Discrizzion della Bohemia, oue son segnate le piu notabil citta é terre. - Main View

1545 Munster Map of Bohemia: 1558 Edition of the Earliest Acquirable Bohemia


The Earliest Acquirable Map of Bohemia, and the First Acquirable Map to Use a Key


Discrizzion della Bohemia, oue son segnate le piu notabil citta é terre.
  1558 (undated)     10.5 x 14 in (26.67 x 35.56 cm)     1 : 640000


This is Munster's 1545 map of Bohemia, the earliest acquirable printed map of what is now the Czech Republic. The map appeared in an Italian edition of Munster’s Cosmographia Universalis, a work notable for presenting to a broad lay audience many of the first printed maps to rely on recent surveys and toponymy, rather than data from classical sources. Munster’s source for this map was Nicolaus Claudianus’ 1518 map of Bohemia, which now exists in only one known copy. Munster's map is the only version of Claudianus' map available to the collector.
First Map to use a Key
This map is the first known to use a key with symbols on a map to reflect the political, religious and economic terrain of the region depicted; Nordenskiold called this 'the first map on which the different religious and political conditions of a country are denoted.' With the key, Royal cities, landed nobility, castles and market towns are easily distinguished from each other. Also, each town's religious affiliation is marked with either keys (signifying Roman Catholic) or a stylized chalice (representing The Unity of Czech Brethren, a Hussite protestant sect to which Claudianus belonged.) Bohemia's long and contentious reformation history would have made this feature on the Claudianus map one of singular importance. None of these remarkable details were lost on Munster, who retained all of them on his version of the map
North at the Bottom
The map’s southern orientation, while unusual to modern eyes, would not have been confusing to the 16th century reader. Maps produced in and around Germany in the first part of the sixteenth century, travelers’ maps in particular, were designed to be read with the assistance of solar compasses.

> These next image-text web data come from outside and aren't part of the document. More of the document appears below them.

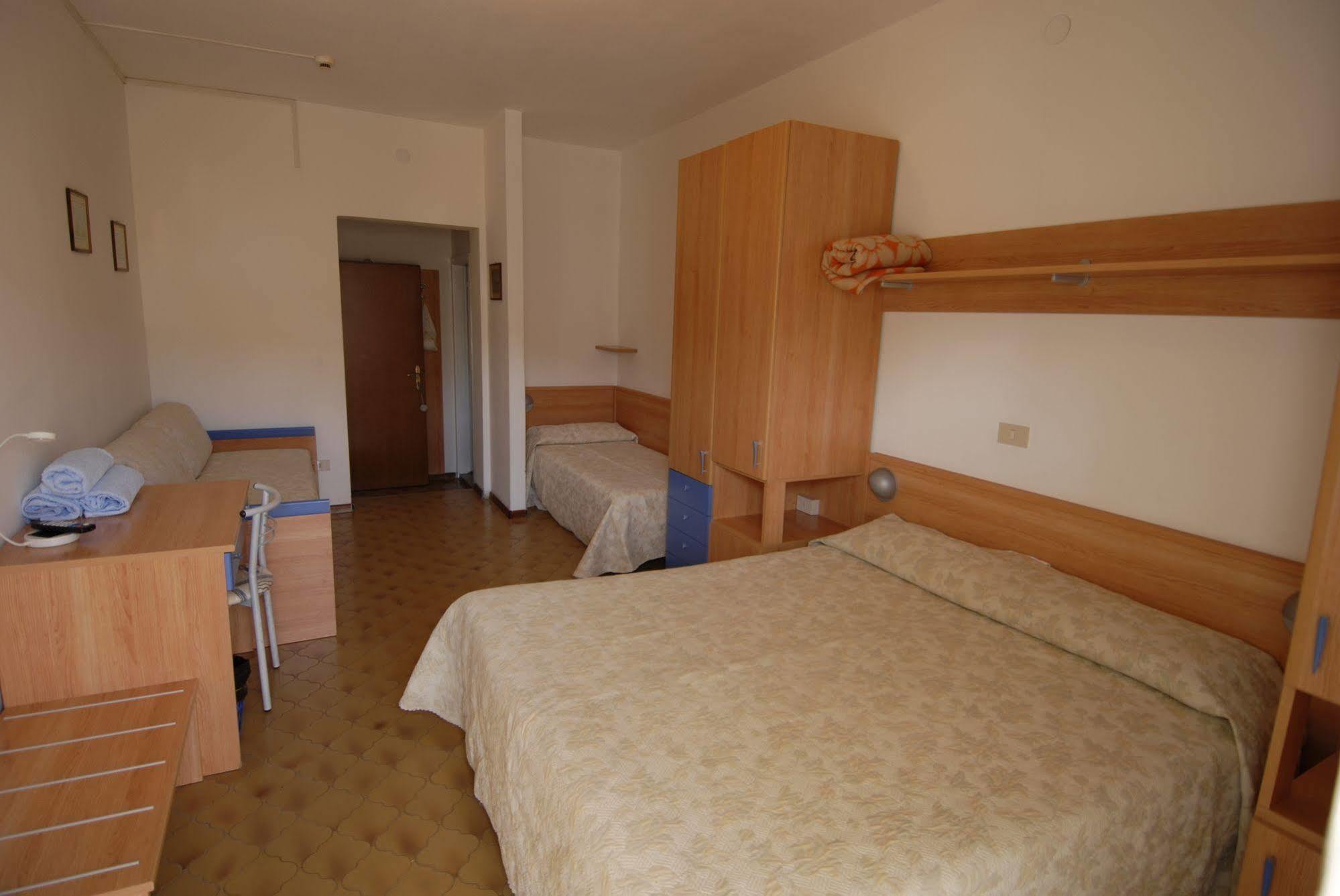 Albergo Alla Nave Lignano Sabbiadoro Exterior foto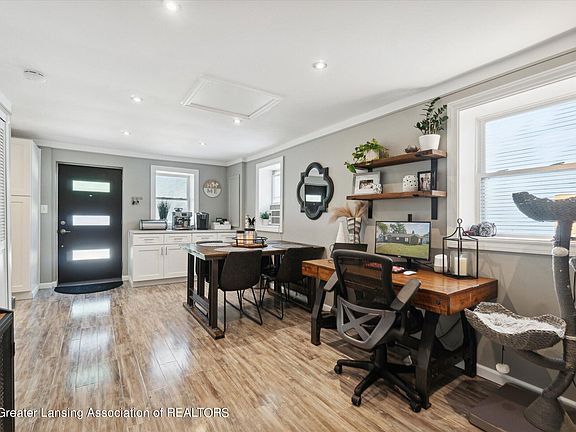 5th image of 618 Spartan Ave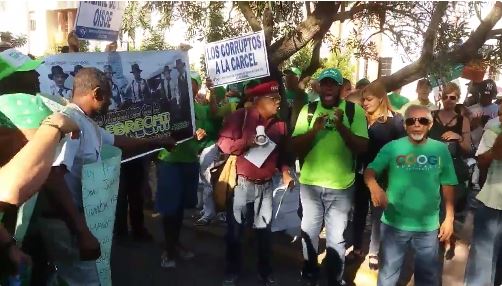 Organizadores de marcha contra la impunidad llegan al Palacio Nacional para entrega de firmas del “Libro Verde”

These devices orient their users (in the northern hemisphere) toward the south; consequently, this and many of Munster’s other maps based on modern survey share a southern orientation. Indeed, the original 1518 Claudianus is itself oriented to the south.
Publication History and Census
This map was introduced in the 1545, Latin edition of Geographia Universalis; it remained in that work and was included in Cosmographia Universalis, until 1578 when the double-page maps of the long-lived work were replaced and updated. This state of the map corresponds to all three Italian editions of the Cosmographia (1558, 1571 and 1575). The verso texts of all three are identically typeset, and the maps of all three are of the same 1558 state across the board; it is therefore probable that the maps of all three editions were in fact printed at the same time in 1558 and that the later editions were bound from the original 1558 printed stock. This individual map is only catalogued once in OCLC in its 1545 German-text edition, and not at all in the Italian. The Italian editions of Cosmographia are noted in fifteen institutional collections.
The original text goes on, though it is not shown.